Behind the fantastic extra of Strauss’s “Elektra” — the libretto’s mythic setting, the rating’s unsparing terror — is one thing smaller: a starkly framed household portrait, albeit one knocked off the wall and scratched up by shards of shattered glass.
That has all the time been on the core of Patrice Chéreau’s manufacturing, which returned to the Metropolitan Opera on Friday night time. However on this revival, you can dwelling in even nearer to simply its two sisters, antipodal soprano roles sung by Nina Stemme and Lise Davidsen with floodlight luminosity and painfully human sensitivity.

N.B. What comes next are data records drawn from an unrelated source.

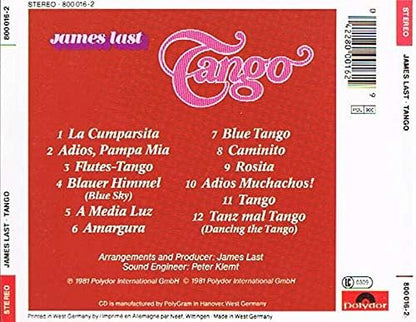 CD Tango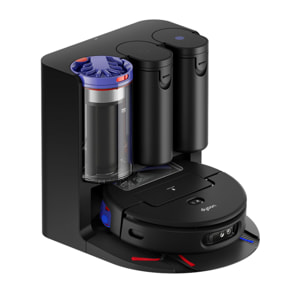 Aspirateur robot lavant Dyson Spot+Scrub™ Ai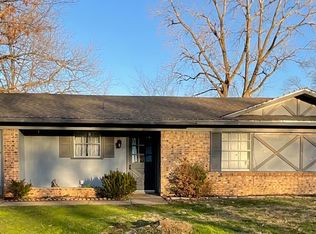203 Robin Way St, Mount Vernon, TX 75457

Chéreau’s staging, which premiered on the Aix-en-Provence Pageant in 2013 earlier than coming to the Met six years in the past, doesn’t appear to have aged a day. And it’s troublesome to think about that occuring quickly with a placeless manufacturing that fits the timelessness Sophocles’ basic tragedy — which Hugo von Hofmannsthal tailored right into a play for the age of Freud, then right into a libretto for Strauss’s opera.
The set, by Richard Peduzzi, is the grand and extreme courtyard of the vaguely Mediterranean dwelling of a vaguely elite household in vaguely up to date gown (designed by Caroline de Vivaise). The place the manufacturing will get extra particular is in its departures from the libretto: its absence of caricature and villainy, its climactic dance of dying as a substitute a scene of stillness and life persevering with in agony. Largely cold the place it may very well be a bloodbath, it’s a research of a household irreparably fractured by trauma.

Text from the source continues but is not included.